Raquel Stolf, Dream and reality, 2019. Lost and found: imagining new worlds, installation view, Institute of Contemporary Arts Singapore, LASALLE College of the Arts, 2019. Photography: Ken Cheong.

Batia Suter, Radial grammar unfold, 2018-19. Lost and found: imagining new worlds, installation view, Institute of Contemporary Arts Singapore, LASALLE College of the Arts, 2019. Photography: Ken Cheong.

Also impossible to ignore is Batia Suter’s Radial grammar unfold (2018-19). Suter’s book, Radial grammar, published by Roma Publications in 2018 and exhibited for the Le Bal exhibition space in Paris, had been taken apart and presented in an installation format against a wall of the gallery space. The book features black-and-white images, and two books had been taken apart to create a grid of 272 images (images are printed on both sides of each leaf, hence two books were required to display every image).

As I surveyed the expanse of black-and-white images, Walter Benjamin’s Arcades Project once again surfaced in my mind. The Arcades Project was the brainchild of German philosopher Walter Benjamin—a massive and ambitious undertaking that sought to understand the modern industrial world by examining the nineteenth-century arcades of Paris. The project involved a large collection of text and images, spanning topics such as advertising, fashion, prostitution and progress. It was never completed but stands as a compelling fragmentary work that invites readers to contemplate and draw connections across entries. Much like the Arcades Project, I was invited to create my own correlations and relationships between images across the collection, in ways that I saw possible and draw meaning from these connections. Unlike viewing the images in a book where the format already presents a certain ordering, this unfolded display gives the viewer free reign, a “collection of perceptions of everything in the world outside our own borders”.

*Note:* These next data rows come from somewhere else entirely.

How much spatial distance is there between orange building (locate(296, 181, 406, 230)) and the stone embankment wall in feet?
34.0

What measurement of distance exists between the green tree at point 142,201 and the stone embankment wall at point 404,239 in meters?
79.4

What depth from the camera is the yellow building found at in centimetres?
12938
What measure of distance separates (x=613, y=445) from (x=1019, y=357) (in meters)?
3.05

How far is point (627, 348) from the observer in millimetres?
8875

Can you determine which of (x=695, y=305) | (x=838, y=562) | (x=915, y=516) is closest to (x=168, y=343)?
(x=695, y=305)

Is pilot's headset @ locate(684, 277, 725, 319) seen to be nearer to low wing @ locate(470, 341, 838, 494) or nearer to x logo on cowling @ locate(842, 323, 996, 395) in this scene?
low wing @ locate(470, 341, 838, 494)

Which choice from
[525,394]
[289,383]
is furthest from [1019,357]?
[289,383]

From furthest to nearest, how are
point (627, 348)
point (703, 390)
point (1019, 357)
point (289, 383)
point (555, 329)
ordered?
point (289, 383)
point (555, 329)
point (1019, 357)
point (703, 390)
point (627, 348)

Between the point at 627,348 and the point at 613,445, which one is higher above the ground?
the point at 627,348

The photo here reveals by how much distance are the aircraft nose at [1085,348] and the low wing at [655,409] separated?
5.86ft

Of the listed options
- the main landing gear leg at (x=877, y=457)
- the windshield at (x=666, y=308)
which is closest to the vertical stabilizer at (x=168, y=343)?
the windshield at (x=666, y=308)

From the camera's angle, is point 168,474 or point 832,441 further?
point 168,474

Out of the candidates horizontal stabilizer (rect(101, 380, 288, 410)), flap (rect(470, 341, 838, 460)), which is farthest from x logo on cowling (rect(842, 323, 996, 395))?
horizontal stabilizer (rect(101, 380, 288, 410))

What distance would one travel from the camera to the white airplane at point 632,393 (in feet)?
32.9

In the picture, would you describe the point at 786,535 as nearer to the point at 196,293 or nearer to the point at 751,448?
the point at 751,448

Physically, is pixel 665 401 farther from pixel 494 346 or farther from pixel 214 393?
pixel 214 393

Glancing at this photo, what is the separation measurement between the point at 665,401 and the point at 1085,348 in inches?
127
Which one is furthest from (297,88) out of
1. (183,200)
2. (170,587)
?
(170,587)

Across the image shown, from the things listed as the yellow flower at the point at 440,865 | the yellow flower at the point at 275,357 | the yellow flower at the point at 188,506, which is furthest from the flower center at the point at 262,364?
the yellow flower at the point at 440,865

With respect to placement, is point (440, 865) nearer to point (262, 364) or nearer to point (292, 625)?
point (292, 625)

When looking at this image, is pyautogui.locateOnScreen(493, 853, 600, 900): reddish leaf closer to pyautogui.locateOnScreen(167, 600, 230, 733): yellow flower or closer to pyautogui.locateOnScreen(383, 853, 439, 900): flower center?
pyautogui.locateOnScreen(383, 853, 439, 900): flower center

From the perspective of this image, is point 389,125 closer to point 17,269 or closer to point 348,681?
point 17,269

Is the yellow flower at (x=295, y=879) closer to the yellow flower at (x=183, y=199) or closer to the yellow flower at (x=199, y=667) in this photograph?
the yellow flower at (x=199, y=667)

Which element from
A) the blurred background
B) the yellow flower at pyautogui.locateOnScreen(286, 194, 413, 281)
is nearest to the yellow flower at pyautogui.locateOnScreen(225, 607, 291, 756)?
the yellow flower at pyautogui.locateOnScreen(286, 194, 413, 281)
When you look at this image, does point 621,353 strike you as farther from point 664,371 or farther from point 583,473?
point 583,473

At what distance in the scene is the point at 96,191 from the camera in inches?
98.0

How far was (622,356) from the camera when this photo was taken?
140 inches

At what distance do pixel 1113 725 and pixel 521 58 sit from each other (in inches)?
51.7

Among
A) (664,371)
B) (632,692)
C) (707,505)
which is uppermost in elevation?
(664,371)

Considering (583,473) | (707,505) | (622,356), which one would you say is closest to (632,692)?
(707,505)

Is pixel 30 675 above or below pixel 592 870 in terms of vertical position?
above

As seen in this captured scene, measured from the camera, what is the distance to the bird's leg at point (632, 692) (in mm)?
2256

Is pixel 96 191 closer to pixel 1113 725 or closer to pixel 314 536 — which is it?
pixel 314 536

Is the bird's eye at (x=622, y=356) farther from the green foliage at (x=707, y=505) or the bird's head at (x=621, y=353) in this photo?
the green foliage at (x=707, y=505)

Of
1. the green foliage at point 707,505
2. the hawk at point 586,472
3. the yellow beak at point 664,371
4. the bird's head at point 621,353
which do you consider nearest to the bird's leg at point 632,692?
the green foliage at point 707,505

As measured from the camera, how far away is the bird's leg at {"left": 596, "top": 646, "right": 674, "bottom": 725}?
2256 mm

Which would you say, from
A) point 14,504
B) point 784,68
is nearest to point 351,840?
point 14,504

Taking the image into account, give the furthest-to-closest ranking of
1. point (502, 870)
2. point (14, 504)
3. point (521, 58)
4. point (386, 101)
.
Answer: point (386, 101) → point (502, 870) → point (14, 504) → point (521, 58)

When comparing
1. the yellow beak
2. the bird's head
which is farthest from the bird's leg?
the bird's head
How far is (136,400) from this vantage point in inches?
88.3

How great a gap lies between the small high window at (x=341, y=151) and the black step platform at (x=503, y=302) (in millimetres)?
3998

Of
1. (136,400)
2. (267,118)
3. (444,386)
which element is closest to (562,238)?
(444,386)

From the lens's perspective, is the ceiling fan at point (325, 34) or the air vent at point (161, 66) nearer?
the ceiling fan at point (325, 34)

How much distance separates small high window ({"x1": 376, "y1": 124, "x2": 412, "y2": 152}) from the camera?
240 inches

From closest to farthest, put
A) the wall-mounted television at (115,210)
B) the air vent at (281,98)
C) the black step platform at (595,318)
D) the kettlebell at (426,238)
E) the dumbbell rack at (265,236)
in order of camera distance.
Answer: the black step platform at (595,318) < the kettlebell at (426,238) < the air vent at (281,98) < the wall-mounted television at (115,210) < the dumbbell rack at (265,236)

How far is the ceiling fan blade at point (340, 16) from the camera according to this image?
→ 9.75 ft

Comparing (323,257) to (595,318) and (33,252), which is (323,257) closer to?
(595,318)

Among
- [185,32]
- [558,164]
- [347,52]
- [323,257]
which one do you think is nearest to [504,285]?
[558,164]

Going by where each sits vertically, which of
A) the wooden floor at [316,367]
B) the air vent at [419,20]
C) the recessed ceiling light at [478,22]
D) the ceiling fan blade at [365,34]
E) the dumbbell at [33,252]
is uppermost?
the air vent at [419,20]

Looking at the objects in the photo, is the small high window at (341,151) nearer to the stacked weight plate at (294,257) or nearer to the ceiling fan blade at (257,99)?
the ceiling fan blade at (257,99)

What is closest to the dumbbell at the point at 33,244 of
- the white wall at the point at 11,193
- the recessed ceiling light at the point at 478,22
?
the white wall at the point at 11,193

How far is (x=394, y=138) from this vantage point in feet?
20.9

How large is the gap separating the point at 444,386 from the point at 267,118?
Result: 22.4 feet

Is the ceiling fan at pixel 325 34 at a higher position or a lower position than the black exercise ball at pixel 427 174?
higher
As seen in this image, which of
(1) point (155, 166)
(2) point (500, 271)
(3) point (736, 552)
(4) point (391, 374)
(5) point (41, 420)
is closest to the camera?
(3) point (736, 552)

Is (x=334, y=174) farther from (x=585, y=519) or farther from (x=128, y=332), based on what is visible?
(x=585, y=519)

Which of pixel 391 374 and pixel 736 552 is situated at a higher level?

I took a moment, before I left, to stand in the centre of the gallery space, taking in every work that I could see, the various media, colours, sounds and textures. And it was in that moment, in the open, wide, reflective expanse of the ICA Singapore’s Gallery 1, I found myself suspended in an almost matrix-like space where time and histories crisscrossed around me in stunning, brilliant constellations of relations and meanings through a collection of text, sound and images—a brilliant, cohesive investigation and exploration into archives, collections and our own place in the meanings that they present us.


Lost and found: imagining new worlds was installed at the Institute of Contemporary Arts Singapore, LASALLE College of the Arts, from Feb 2, 2019 to Apr 10, 2019.